Os dois ex-dirigentes condenados deram notas escritas, cujo conteúdo tem
dois pontos contraditórios. De um lado, tentam passar uma ilusão, a de que
lutavam pela democracia desde os anos 60. De outro, desqualificam essa
democracia ao dizer que a decisão do Supremo Tribunal Federal, poder central no
regime democrático, foi um julgamento de exceção e de ódio ao PT, promovido por
elites reacionárias que dominam a imprensa e a Justiça. Eis o velho discurso: a
democracia é burguesa, uma farsa que só favorece os ricos.
Ao mesmo tempo, dizem que a vida do povo, dos mais pobres, melhorou e muito
sob o governo do PT. Ora, em qual ambiente o PT cresceu, o presidente Lula
ganhou e governou?
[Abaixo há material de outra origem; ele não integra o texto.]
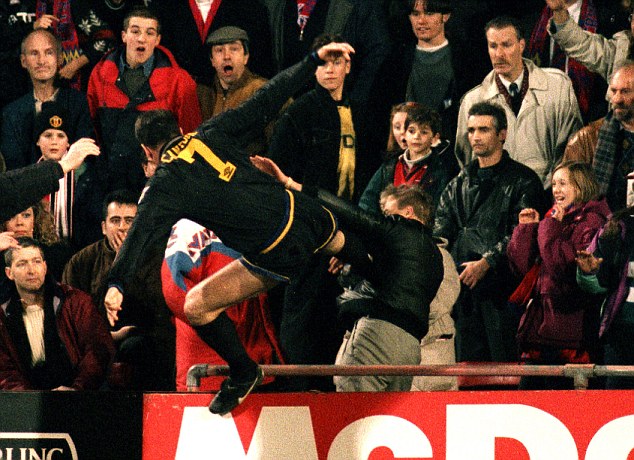Kung-fu fighting: Eric Cantona jumps into the crowd and kicks Crystal Palace fan Matthew Simmons 
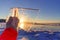 Winter landscape,Sun shines through clear ice chunk in a hand, Lake Baikal, Siberia, Russia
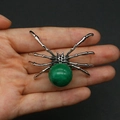 Detailed macro view of spider-shaped natural stone pendant with green gem and silver legs - 34x47mm, 14g / Green Style (11)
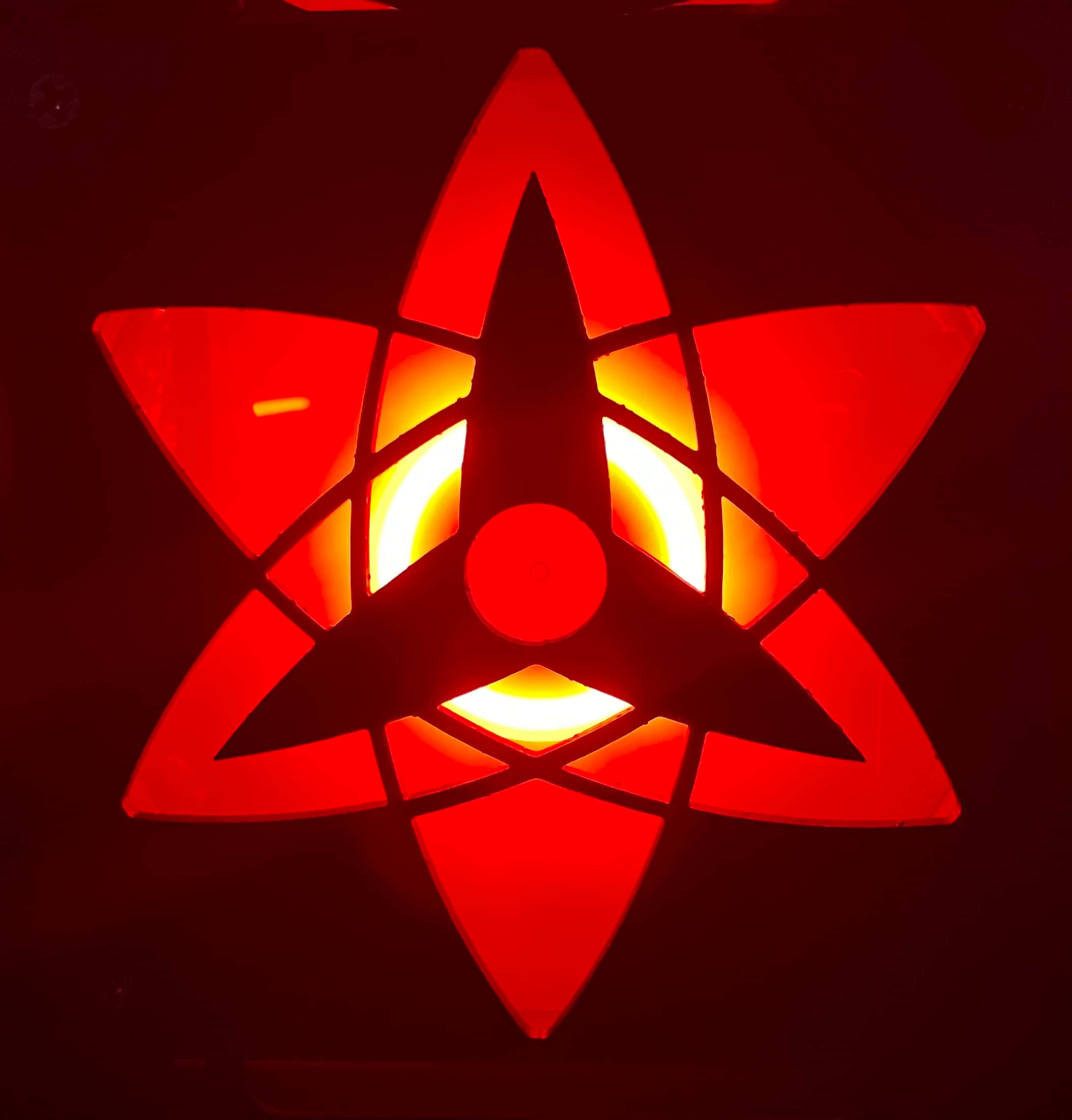 Mangekyou Sharingan 桌布 壁紙 — 一個發光的紅色星形燈籠，帶有溫暖的內部光線，在黑暗背景上投射出銳利的陰影。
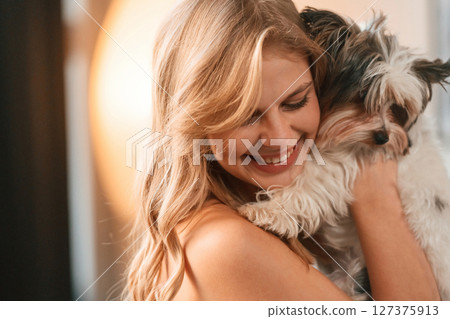 Beautiful young woman is with little dog indoors Beautiful young woman is with little dog indoors 127375913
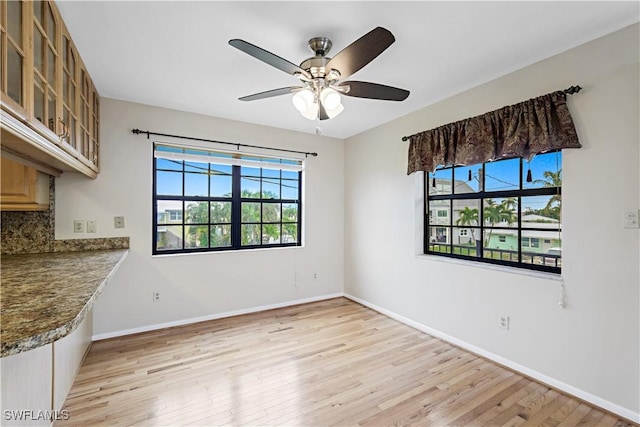 unfurnished dining area with ceiling fan and light wood-type flooring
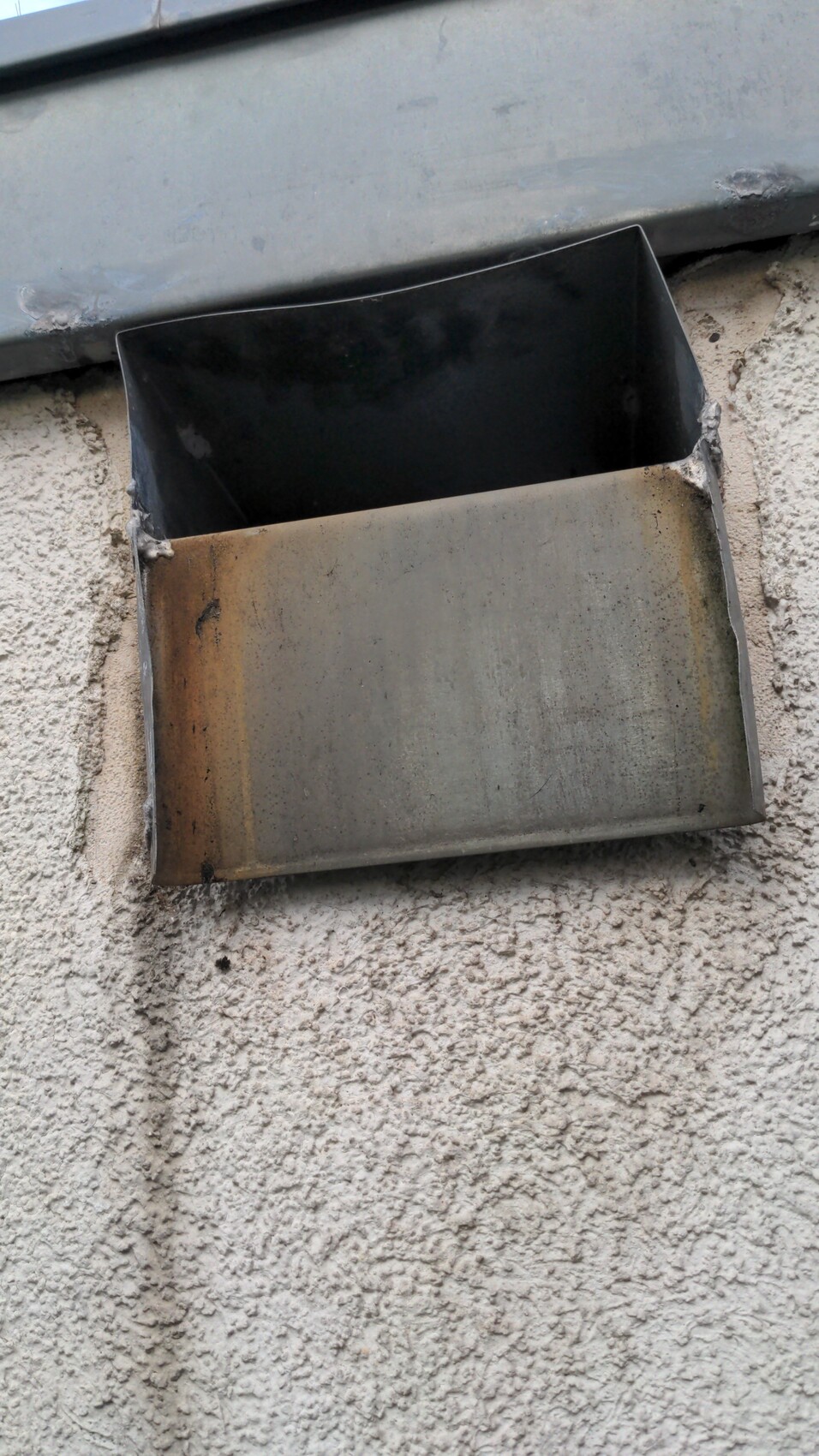 Rostige Metallbox in der Wand, offen nach vorne, auf rauer Putzoberfläche.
Nesta nossa democracia que, entre outras coisas, levou a
este extraordinário momento: Lula e Dilma indicaram os juízes do STF que
condenaram Genoino e Dirceu.
O movimento estudantil dos anos 60 e 70 foi uma tragédia. Foram para a
política os melhores rapazes e moças. E a política, por causa da ditadura local
e da guerra fria global, e mais a ideologia esquerdista então dominante na
intelectualidade e na academia, levou à luta armada. Tratava-se de um tremendo
engano político. Como acreditar que uma guerrilha dentro da floresta amazônica
poderia terminar com a tomada do poder em Brasília? Estava claro que a nova
classe operária, como os trabalhadores da indústria automobilística, com seu
líder Lula, sequer pensava em Cuba, mas sonhava com o padrão de vida dos
colegas de Detroit. E os sindicalistas, com posições no governo.
E assim, jovens idealistas e com o sentimento de dever, perderam a vida,
foram massacrados em torturas, banidos pelo mundo, famílias arrasadas. É um
milagre que tantos deles tenham conseguido recolocar de pé a vida e estejam aí
prestando serviços ao país.
Mas não serve para nada tentar esconder essa história. Em vez de tentar
mudar o passado, melhor seria uma revisão, uma crítica serena, favorecida pelo
tempo passado. Mesmo porque, sem essa crítica, ocorrem as recaídas que, estas
sim, podem perturbar o ambiente político.
Felizmente, a democracia, modelo clássico, de Ulysses, Tancredo, Montoro,
venceu, não sem uma ajuda dos jovens dos anos 60 e 70.